-- DATA PROVIDED follows --

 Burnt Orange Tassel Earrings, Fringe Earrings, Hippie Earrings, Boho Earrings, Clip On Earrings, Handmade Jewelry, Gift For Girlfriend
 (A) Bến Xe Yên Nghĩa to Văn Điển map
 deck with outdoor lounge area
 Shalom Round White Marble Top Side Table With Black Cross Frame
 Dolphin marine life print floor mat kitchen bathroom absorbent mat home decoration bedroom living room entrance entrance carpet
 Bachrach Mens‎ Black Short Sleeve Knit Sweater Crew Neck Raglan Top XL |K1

-- DATA PROVIDED concluded --
-- DATA PROVIDED follows --

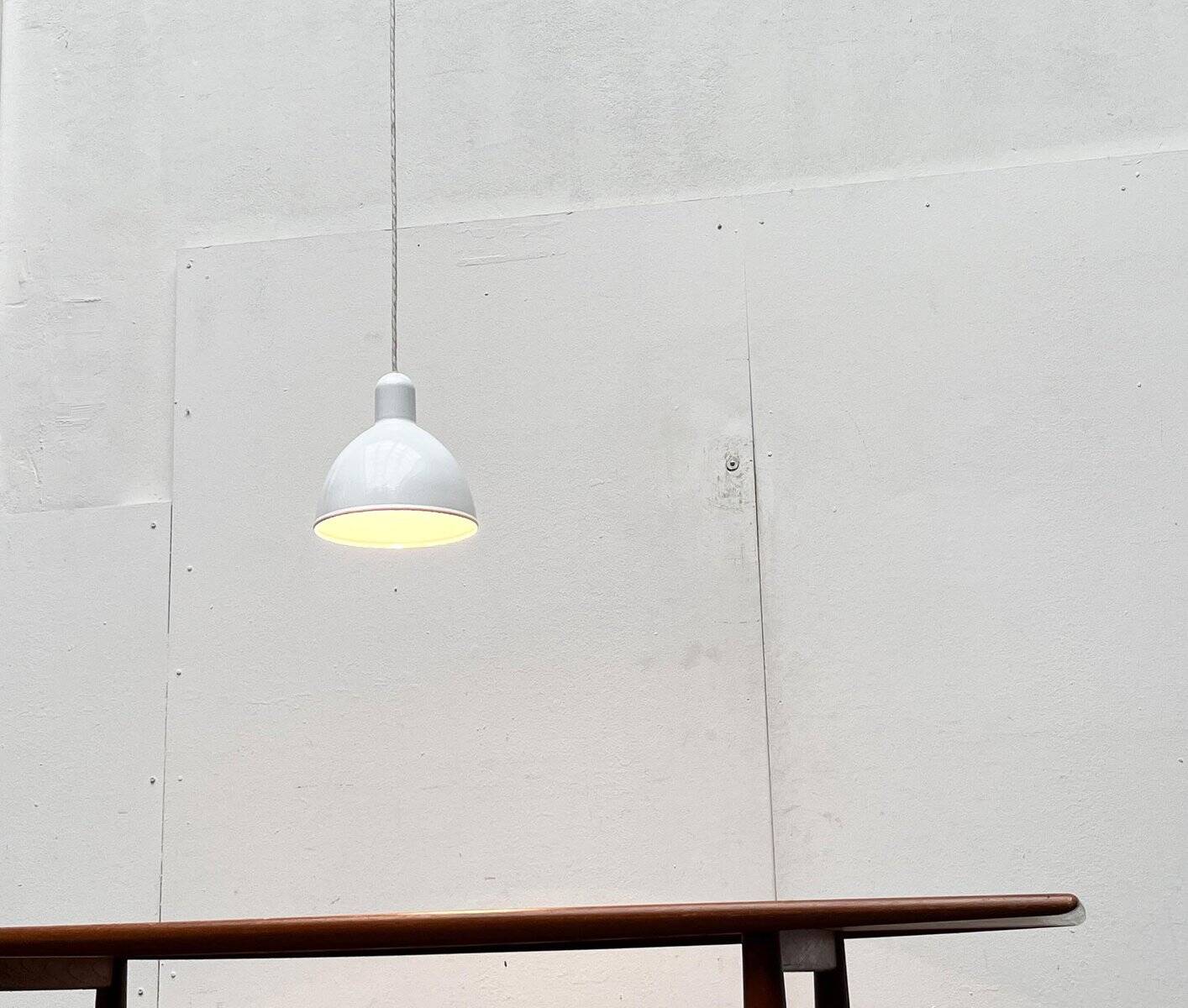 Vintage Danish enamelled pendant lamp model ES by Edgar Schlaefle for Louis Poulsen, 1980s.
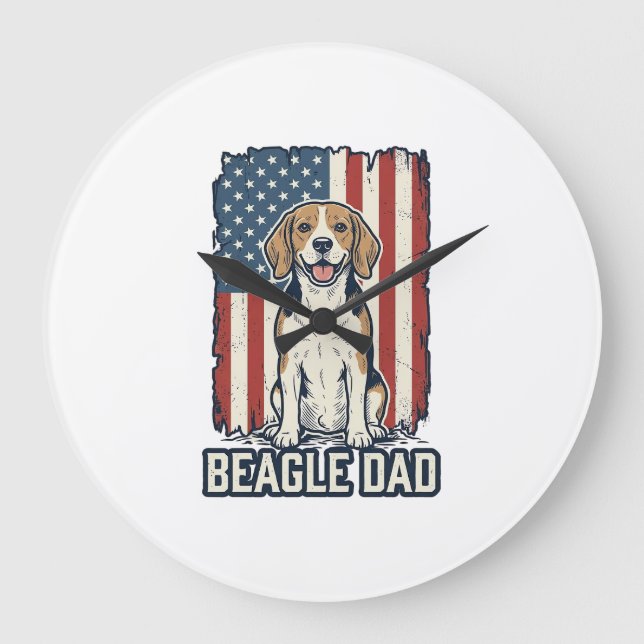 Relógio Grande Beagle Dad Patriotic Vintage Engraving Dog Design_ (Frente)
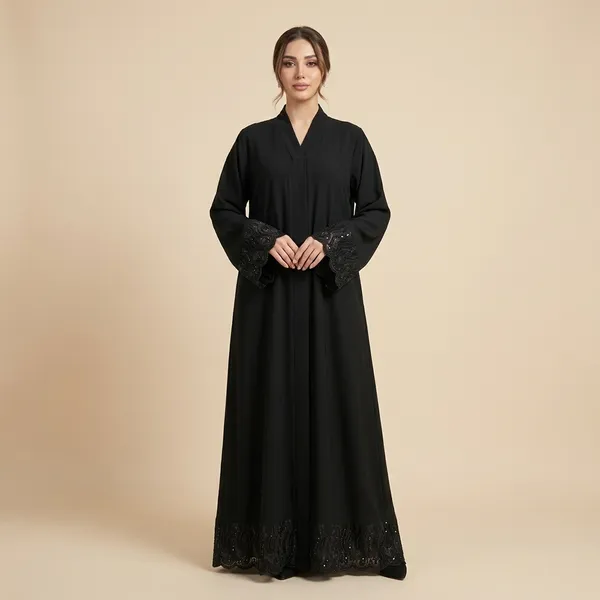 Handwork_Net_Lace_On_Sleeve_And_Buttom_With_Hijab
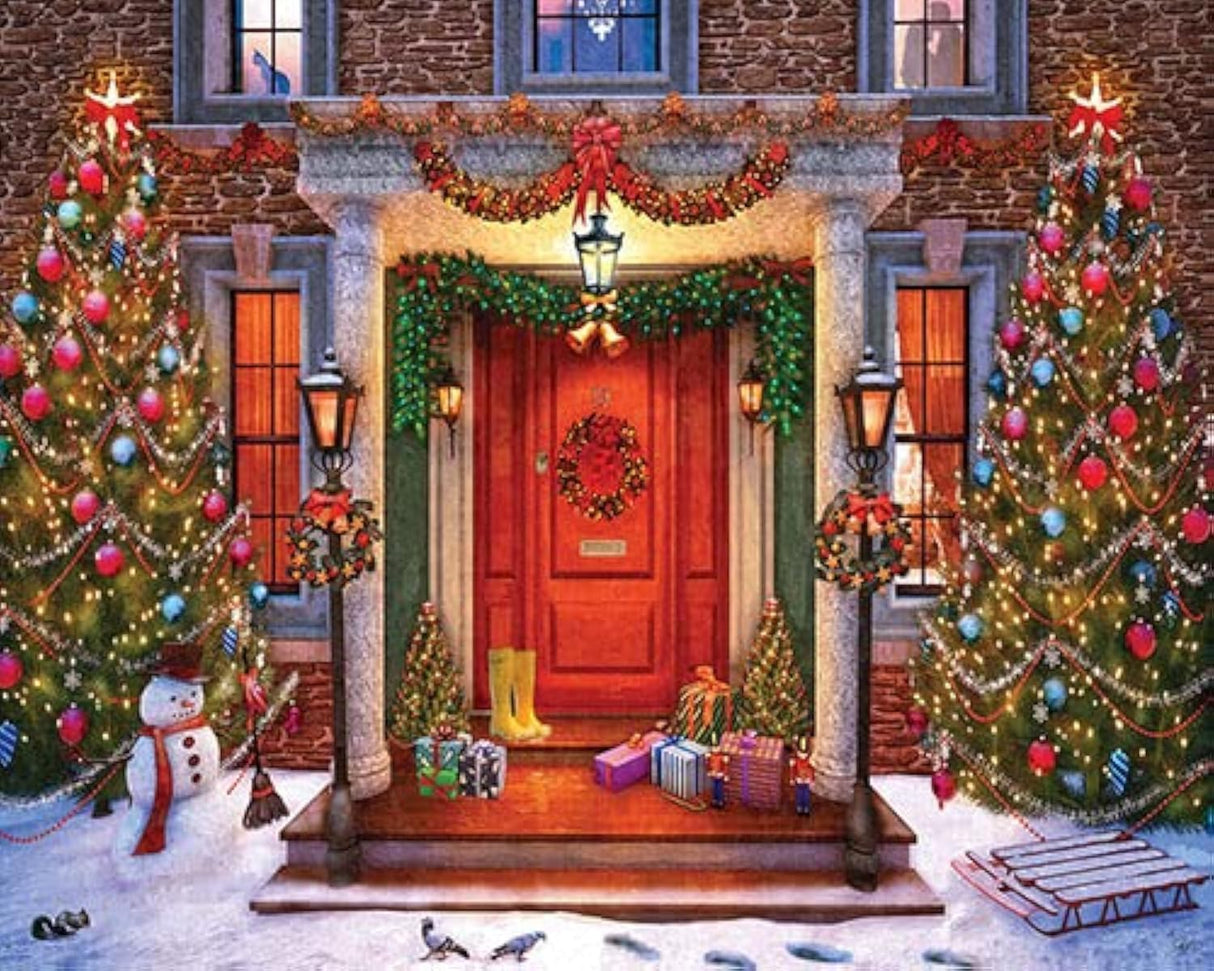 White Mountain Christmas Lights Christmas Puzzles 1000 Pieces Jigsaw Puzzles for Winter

-- DATA PROVIDED concluded --

EXERCISE OBJECTIVE
Would you count the lines in the data that contain the word "Black" and state only the number?

OUTPUT BELOW
2